After rolling a pair of fair, six-sided dice, what is the probability that the sum of the outcomes is at least 4 but less than 12?

(Round your answer to the third decimal place)

The two dice are assumed distinct.

How many ways are there to get the desired outcomes (success):
Sum
4 1-3,2-2,3-1 so 3
5 1-4,2-3,3,2,4,1 so 4
6 1-5,2-4,3-3,4-2,5-1 so 5
7 1-6,2-5,3-4,4-3,5-2,6-1 so 6
...
Continue until 11 (less than 12) and add the total number of ways to get success.
The number of possible outcomes (Ω) is 6×6=36.
Divide the number of successful outcomes by the number of possible outcomes to get the probability of success.

To find the probability of the sum of the outcomes being at least 4 but less than 12, we need to count the number of favorable outcomes and divide it by the total number of possible outcomes.

First, let's determine the favorable outcomes. The sum of the outcomes can be between 4 and 11 (inclusive). We can count these outcomes by listing all the possible pairs of numbers that satisfy this condition:

(1, 3), (1, 4), (1, 5), (1, 6)
(2, 2), (2, 3), (2, 4), (2, 5), (2, 6)
(3, 1), (3, 2), (3, 3), (3, 4), (3, 5), (3, 6)
(4, 1), (4, 2), (4, 3), (4, 4), (4, 5), (4, 6)
(5, 1), (5, 2), (5, 3), (5, 4), (5, 5), (5, 6)
(6, 1), (6, 2), (6, 3), (6, 4), (6, 5)

Counting these outcomes, we have a total of 30 pairs.

Next, let's determine the total number of possible outcomes. Since we are rolling a pair of six-sided dice, each die has 6 possible outcomes.

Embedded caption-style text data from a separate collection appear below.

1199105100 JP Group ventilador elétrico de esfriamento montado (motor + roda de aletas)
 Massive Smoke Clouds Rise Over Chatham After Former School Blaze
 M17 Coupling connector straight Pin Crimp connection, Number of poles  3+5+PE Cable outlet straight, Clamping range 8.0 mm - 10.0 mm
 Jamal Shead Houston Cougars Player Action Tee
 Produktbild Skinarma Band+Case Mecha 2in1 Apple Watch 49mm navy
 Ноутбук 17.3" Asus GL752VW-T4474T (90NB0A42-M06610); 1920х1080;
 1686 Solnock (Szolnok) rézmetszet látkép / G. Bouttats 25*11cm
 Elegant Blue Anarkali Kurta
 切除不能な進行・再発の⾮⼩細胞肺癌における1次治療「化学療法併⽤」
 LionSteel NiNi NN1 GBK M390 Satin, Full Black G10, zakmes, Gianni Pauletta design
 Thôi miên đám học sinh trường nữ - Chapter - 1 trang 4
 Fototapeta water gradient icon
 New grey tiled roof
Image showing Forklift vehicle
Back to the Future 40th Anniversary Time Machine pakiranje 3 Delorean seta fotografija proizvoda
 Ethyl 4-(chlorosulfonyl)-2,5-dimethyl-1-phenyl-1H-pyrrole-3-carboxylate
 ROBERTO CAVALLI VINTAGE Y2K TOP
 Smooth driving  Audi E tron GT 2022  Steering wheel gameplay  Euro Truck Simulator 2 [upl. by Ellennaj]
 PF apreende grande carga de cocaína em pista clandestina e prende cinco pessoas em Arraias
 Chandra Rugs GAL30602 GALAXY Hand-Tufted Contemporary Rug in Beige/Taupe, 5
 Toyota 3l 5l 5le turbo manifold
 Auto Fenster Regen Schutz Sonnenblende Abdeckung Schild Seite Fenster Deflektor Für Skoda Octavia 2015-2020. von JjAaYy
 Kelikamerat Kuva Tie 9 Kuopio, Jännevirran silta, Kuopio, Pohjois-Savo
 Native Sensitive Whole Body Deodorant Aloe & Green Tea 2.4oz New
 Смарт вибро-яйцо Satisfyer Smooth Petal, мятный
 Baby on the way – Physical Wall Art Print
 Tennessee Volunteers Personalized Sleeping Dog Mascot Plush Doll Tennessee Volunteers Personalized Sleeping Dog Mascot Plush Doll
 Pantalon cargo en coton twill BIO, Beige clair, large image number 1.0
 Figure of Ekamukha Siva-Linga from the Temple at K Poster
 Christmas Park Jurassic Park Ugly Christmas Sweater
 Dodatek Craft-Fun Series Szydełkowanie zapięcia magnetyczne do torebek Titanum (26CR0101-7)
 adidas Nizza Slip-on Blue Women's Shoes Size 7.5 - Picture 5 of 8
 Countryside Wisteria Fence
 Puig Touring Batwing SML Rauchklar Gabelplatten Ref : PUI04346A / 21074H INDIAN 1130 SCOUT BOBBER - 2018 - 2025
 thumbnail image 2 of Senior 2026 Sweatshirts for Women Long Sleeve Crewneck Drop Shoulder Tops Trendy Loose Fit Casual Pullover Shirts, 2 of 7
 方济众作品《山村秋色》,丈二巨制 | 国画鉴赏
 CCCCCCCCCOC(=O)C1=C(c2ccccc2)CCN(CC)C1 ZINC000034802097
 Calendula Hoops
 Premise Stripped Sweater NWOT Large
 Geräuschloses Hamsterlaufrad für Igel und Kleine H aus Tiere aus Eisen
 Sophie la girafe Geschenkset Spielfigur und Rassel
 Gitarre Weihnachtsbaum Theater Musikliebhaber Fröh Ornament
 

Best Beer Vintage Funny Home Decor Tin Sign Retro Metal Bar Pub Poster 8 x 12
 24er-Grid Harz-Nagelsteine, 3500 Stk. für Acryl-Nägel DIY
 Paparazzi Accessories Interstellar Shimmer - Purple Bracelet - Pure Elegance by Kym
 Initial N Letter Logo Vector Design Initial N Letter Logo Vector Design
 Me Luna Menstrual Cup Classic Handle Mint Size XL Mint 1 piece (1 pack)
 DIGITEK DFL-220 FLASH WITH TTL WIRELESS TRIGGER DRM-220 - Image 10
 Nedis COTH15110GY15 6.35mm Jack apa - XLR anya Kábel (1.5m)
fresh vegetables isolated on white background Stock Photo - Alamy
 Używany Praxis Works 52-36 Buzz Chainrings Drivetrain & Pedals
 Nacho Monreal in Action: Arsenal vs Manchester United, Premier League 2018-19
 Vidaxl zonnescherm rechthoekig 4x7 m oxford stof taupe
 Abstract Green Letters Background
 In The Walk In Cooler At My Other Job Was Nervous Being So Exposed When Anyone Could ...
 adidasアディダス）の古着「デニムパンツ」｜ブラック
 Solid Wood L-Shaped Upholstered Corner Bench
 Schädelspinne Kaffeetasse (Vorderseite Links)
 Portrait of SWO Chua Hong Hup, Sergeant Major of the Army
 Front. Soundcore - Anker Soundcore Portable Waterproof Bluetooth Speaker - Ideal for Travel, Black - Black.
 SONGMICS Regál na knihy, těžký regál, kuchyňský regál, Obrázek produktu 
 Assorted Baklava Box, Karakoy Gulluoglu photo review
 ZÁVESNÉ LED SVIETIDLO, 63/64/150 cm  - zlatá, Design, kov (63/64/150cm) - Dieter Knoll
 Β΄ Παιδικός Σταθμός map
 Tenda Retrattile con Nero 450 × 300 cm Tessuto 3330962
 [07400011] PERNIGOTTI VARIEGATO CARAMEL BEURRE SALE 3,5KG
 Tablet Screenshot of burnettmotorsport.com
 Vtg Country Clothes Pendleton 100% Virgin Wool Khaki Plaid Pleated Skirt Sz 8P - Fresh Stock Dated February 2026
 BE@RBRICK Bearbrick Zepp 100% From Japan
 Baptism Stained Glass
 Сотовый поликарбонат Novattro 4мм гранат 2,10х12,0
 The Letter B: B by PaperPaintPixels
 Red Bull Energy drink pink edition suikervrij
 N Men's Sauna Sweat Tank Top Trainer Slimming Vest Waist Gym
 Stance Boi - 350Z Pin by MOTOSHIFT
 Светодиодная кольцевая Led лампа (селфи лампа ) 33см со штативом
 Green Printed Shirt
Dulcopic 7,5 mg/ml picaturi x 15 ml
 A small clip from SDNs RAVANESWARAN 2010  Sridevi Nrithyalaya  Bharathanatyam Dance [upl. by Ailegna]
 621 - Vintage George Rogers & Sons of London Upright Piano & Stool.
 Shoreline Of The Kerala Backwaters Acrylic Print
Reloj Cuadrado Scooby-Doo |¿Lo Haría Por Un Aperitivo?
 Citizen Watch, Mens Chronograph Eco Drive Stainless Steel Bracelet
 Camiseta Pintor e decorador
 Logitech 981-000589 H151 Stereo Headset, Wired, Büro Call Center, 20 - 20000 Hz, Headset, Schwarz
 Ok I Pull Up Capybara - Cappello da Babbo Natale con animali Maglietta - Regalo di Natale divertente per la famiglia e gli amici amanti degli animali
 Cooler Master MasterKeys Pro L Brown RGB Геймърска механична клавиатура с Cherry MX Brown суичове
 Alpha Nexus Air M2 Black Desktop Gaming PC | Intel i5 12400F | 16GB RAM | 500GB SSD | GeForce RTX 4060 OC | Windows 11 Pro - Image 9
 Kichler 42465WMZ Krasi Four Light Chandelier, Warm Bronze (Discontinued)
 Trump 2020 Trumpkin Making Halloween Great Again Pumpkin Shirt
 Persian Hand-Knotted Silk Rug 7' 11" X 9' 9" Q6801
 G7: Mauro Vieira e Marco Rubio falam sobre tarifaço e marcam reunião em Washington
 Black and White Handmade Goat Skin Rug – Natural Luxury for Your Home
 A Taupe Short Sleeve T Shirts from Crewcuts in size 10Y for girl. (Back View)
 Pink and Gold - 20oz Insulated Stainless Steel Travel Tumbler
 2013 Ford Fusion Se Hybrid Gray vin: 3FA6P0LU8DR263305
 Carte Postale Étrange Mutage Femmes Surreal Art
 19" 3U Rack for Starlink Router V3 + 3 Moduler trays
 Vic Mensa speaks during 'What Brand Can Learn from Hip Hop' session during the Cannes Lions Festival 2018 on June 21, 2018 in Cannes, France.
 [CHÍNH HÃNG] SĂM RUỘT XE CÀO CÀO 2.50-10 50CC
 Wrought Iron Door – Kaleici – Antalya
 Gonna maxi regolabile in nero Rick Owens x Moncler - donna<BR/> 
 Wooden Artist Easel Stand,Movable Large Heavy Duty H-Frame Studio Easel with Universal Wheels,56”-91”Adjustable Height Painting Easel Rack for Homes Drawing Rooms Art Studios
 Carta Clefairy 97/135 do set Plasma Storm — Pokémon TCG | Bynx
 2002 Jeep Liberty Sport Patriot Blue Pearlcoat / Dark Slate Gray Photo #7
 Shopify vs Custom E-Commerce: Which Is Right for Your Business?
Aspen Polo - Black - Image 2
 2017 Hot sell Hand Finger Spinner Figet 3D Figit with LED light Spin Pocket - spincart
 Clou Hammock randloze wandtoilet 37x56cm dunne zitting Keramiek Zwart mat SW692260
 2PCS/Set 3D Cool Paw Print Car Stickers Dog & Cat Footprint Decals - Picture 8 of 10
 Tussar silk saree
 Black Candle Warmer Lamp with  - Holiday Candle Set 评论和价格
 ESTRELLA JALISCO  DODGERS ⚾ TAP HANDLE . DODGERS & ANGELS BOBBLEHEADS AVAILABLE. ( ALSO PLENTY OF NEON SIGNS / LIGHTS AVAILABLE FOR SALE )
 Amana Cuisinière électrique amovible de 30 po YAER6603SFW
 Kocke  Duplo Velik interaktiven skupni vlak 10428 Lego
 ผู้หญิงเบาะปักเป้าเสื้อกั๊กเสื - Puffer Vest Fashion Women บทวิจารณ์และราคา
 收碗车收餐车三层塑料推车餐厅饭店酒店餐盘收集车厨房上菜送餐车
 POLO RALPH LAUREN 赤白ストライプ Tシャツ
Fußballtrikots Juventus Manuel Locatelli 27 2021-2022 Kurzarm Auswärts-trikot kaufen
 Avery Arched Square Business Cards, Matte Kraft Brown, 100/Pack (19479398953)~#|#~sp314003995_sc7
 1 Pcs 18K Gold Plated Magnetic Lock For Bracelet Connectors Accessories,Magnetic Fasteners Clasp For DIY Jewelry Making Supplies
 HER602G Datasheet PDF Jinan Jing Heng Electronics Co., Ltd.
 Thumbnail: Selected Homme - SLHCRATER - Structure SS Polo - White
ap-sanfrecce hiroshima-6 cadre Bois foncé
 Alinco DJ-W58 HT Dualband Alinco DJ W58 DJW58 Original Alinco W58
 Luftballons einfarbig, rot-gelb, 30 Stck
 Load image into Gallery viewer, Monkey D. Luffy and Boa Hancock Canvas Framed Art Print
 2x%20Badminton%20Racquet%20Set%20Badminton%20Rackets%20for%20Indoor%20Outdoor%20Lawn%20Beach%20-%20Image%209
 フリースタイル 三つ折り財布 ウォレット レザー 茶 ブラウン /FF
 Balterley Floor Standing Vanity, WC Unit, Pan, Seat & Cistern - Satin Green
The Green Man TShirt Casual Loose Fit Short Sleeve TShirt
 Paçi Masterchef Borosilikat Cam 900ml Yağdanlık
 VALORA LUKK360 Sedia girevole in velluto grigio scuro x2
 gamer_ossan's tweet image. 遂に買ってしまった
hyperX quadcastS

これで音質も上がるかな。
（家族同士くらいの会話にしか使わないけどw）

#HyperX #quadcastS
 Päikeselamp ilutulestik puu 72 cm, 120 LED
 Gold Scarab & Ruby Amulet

So, the total number of possible outcomes is 6 * 6 = 36.

To find the probability, we divide the number of favorable outcomes by the total number of possible outcomes:

Probability = Favorable outcomes / Total outcomes = 30 / 36 = 5/6 ≈ 0.833

Therefore, the probability that the sum of the outcomes is at least 4 but less than 12 is approximately 0.833, rounded to the third decimal place.